PR for review here. https://github.com/osmlab/labuildings/pull/28

maning commented 8 years ago

There are cases where a different building category from Assessor data is assigned to two parts of a building.

screen shot 2016-02-09 at 14 54 06

talllguy commented 8 years ago

@maning in https://github.com/osmlab/labuildings/issues/3#issuecomment-181793071 what are the two categories*?

maning commented 8 years ago

@talllguy, the yellow = residential, purple = industrial. The area northwest is an industrial complex.

talllguy commented 8 years ago

@maning interesting. I suspect a zoning boundary caused this. Having worked for a County gov't GIS team, I wouldn't be surprised if such a method was used to tag building uses by an assessor. You might try loading the zoning boundary if you can find it on LA county's open data site to compare.

My prediction is that the zoning line will transect the building right where the split is, because zoning lines were historically mapped on small scale maps by hand, long before GIS was around. Then when GIS came around, GIS analysts were forced to digitize the zoning lines exactly where they were on the map, because changing them at all requires a law change. I digress. Check that zoning line and then if it is the culprit, you might just want to us an algorithm to decide to merge the larger piece, or ignore these zoning inferred tagging.

Also, regarding institutional, my county used that as well. In my import, I believe I changed them all to building=yes, because there was no positive way to say what they translated to. Typically they're school, college or government though.

maning commented 8 years ago

suspect a zoning boundary caused this. Having worked for a County gov't GIS team, I wouldn't be surprised if such a method was used to tag building uses by an assessor. You might try loading the zoning boundary if you can find it on LA county's open data site to compare.

You are correct we used LA County's Assessor data by joining the building shapefile and assessor csv using AIN as the join field attribute.

Also, regarding institutional, my county used that as well. In my import, I believe I changed them all to building=yes, because there was no positive way to say what they translated to. Typically they're school, college or government though.

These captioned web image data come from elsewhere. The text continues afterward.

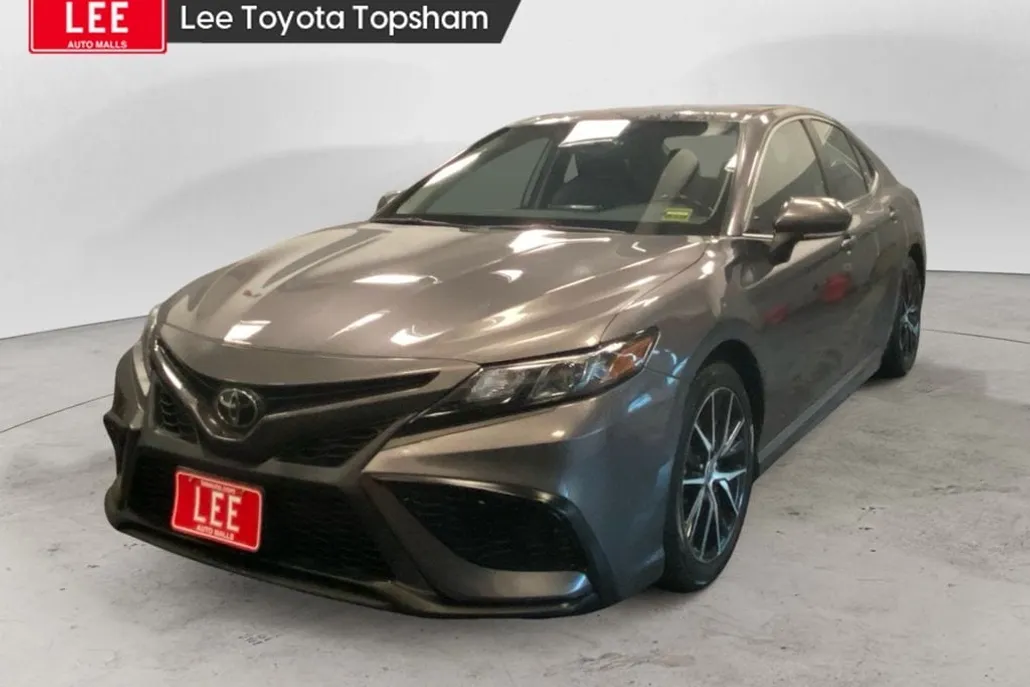2023 Toyota Camry SE photo 1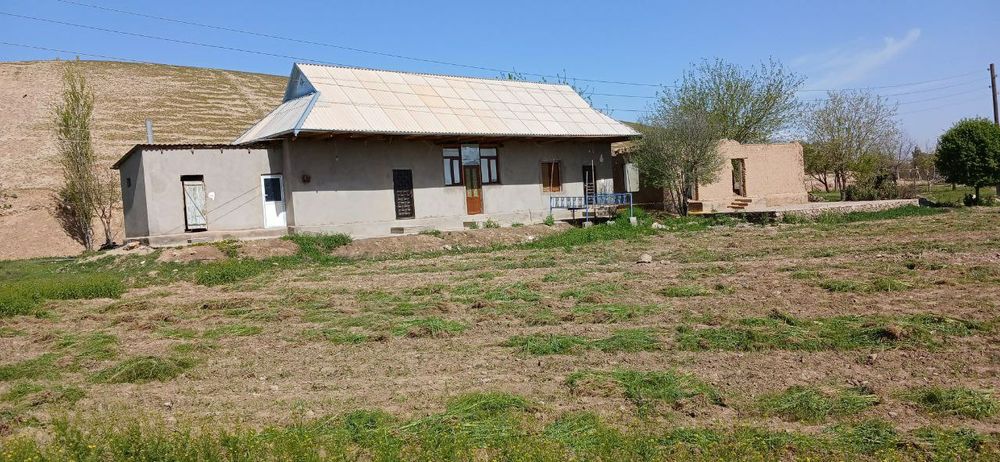 Uy joy sotiladi. Hoxlovchilar yer ham olishi mumkin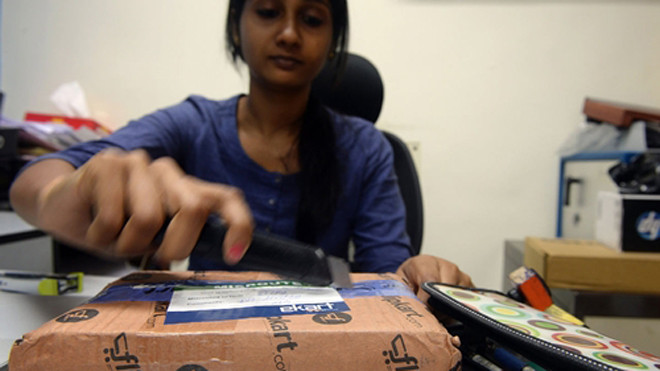 Một phụ nữ đang mở hàng đặt mua trên mạng. Ảnh: Bloomberg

You are correct again, building=institutional is not an OSM tag. For this, we created a lookup table by using secondary use type of the building. For example, in the assessor data, there a generaluse=building, specificuse=school we used the tag building=school for such cases. See: https://github.com/osmlab/labuildings/tree/master/mappings_csv

maning commented 8 years ago

Closing. For building parts where Assessor data assigned different classification, importer should do manual merge.